Кинулся было к колонне, хотел нас найти, но мы неплохо попрятались среди рядов. Поводил-поводил глазами, зло сплюнул, махнул рукой. «Что такое этот крематорий?»
Рысцой гонят колонну по крупной щебенке будущей дороги. Легкий слой снега смягчает острые края камней. Бедные ноги! Кто может измерить предел человеческому долготерпению?! Когда сама жизнь под вопросом, — оно беспредельно, а всякие невзгоды — мелочь!
Подбежали ко входу. Над ним башня со множеством прожекторов, слепящих в таза. Позже узнаю, что это «Бухенвальдское солнце». Справа — огромное панно на столбах, где изображен силуэт склонившегося, будто подслушивающего, человека в шляпе и надпись: «Пет! Файнд хёрт мит!» (Т-сс! Враг подслушивает!). Над воротами — гитлеровский орел с распростертыми крыльями, хищным острым клювом и со свастикой в когтях. Смотрит на нас своими пустыми и будто ненавидящими глазами. На воротах под ним отлита чугунная надпись: «JEDEM DAS SEINE» — «Каждому — своё».
Ворота раскрыты настежь. С двух сторон дубинками по спинам отсчитывают пятерки:
— Эрсте райе! (первый ряд, фляс! дубинкой).
— Цвайте райе! (фляс! дубинкой)… Наконец мы внутри. Мертвая тишина, спокойствие. Ни криков, ни воплей, ни заливающегося многоголосого собачьего лая… Не переселились ли мы в рай? Лагерь спал. Лишь справа, из какой-то толстой приземистой трубы по временам вырывалось жирно-вишневое пламя, кровавым отблеском освещая над собой длинный черный шлейф…

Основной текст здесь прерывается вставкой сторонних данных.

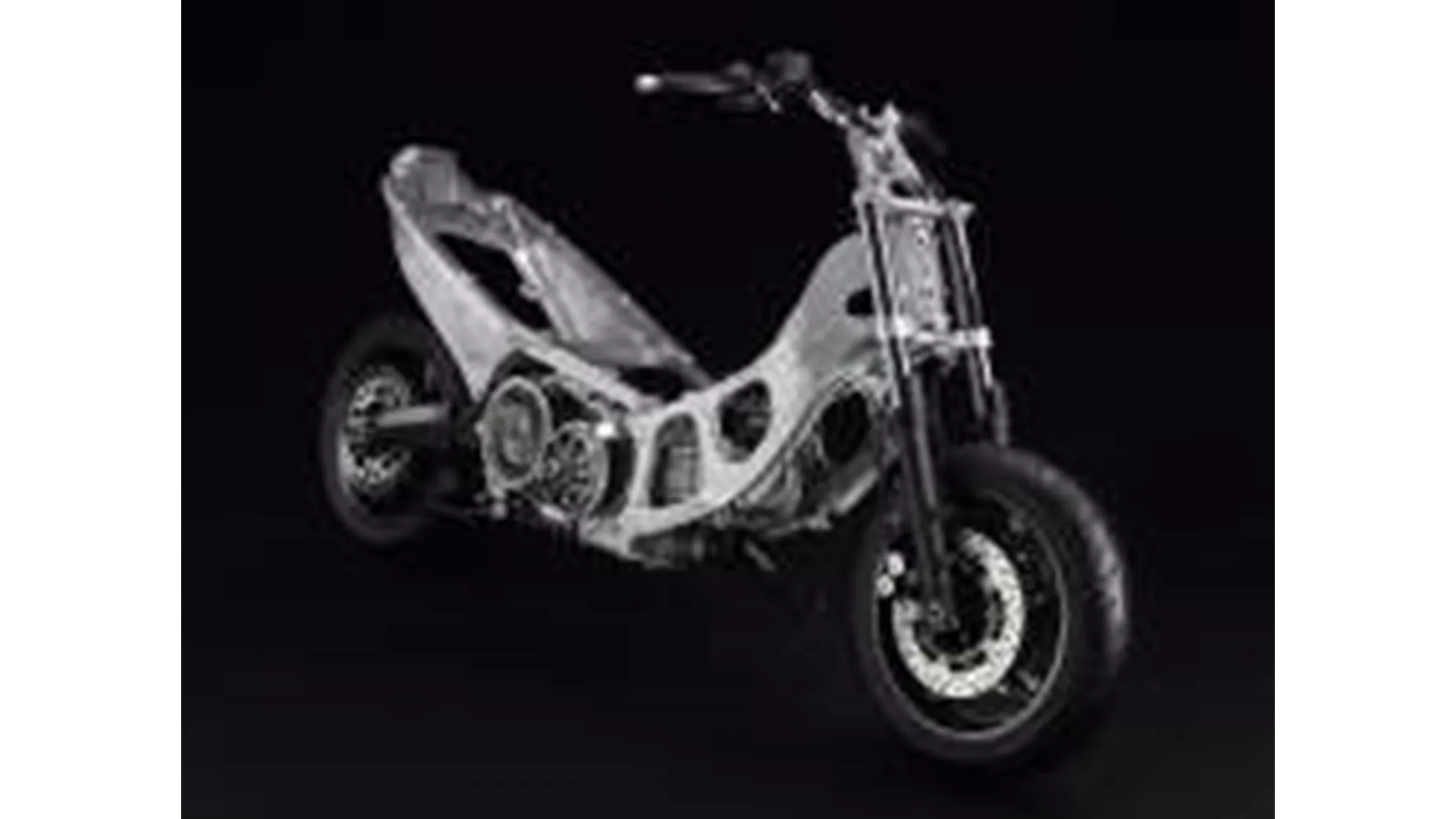 Yamaha T-MAX 530 ABS - Image 1 Yamaha T-MAX 530 ABS - Image 1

Два человека в черных кителях с красным треугольником и номерами на груди, с нарукавными повязками «Лагер-шутц» стоят около нас. В треугольниках различаю латинскую букву «L» (как потом узнал — люксембуржцы). Один из них громко, но спокойно говорит:
— Приветствую вас с прибытием в концлагерь Бухенвальд. Отныне забудьте, что вы — люди. Не то лишитесь головы. Теперь вы только «гефтлинги» (заключенные). Запомните это раз и навсегда! А сейчас вперед, в баню!..

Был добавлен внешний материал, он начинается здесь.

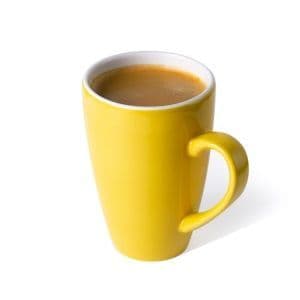 Coffee (Drip Coffee)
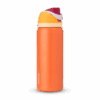 FreeSip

Это было 29 января 1944 года. Мне исполнилось ровно двадцать четыре года.
Глава 13 Häftlingsnummer 44445
Медленно движется колонна по огромной пустынной площади, освещенной лишь вырывавшимся по временам из трубы пламенем. Что это за огонь?

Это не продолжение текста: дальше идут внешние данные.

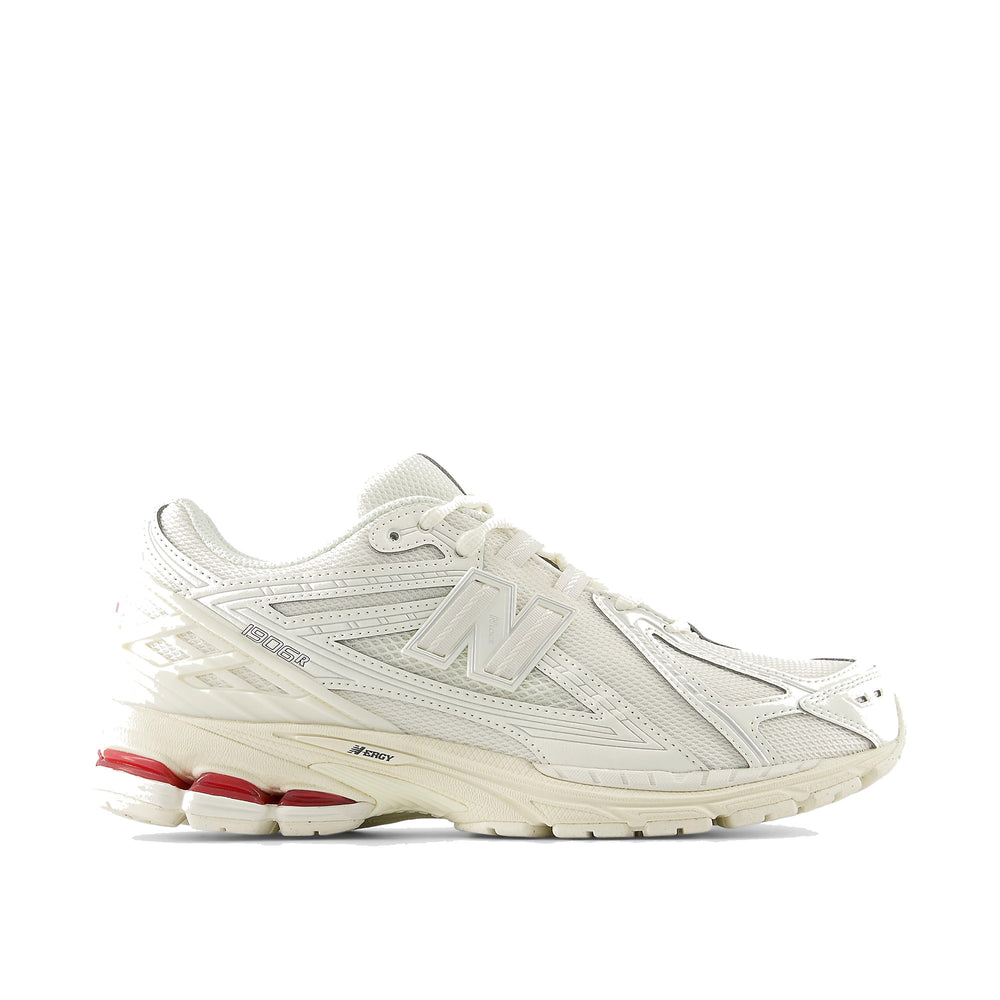 New Balance 1906R Sea Salt Red Men's Sneakers U19066KA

— Это — крематорий. Нехорошее место, — спокойно поясняет проводник. У забора крематория различаю ровный ряд трупов: пока мы топтались на вокзале, их успели доставить сюда из нашего эшелона. Сложили их снаружи, чтобы они, видимо, пожелали нам доброго прибытия и одновременно преподали наглядный урок дисциплинированности и предостережения. И мне подумалось: действительно ли судьба этих наших бывших товарищей хуже нашей? Царит тишина, непривычная после бешеного собачьего лая, гортанных криков, яркого ослепительного света прожекторов. Но не хватает сил даже на стоны от боли. Хоть я и в одной рубашке, холода не чувствую, — нашло какое-то безразличие и успокоение. Пересекли ряд поперечных улиц, и нас завели в огромный квадратный зал. На потолке — ряд душевых головок. Не газовая ли это камера? — Нет, это настоящий душ. Видишь: к головкам подведены трубы, — успокаивает меня сосед. Но по трубам может идти не только вода. Шут с ним, какая разница. Из закрытых люков в полу просачивается манящий теплом пар. Тут же падаем, кто где, и блаженно распластываемся. Не хотелось ничего, даже думать. Раз тепло, никто никуда не гонит, значит — хорошо.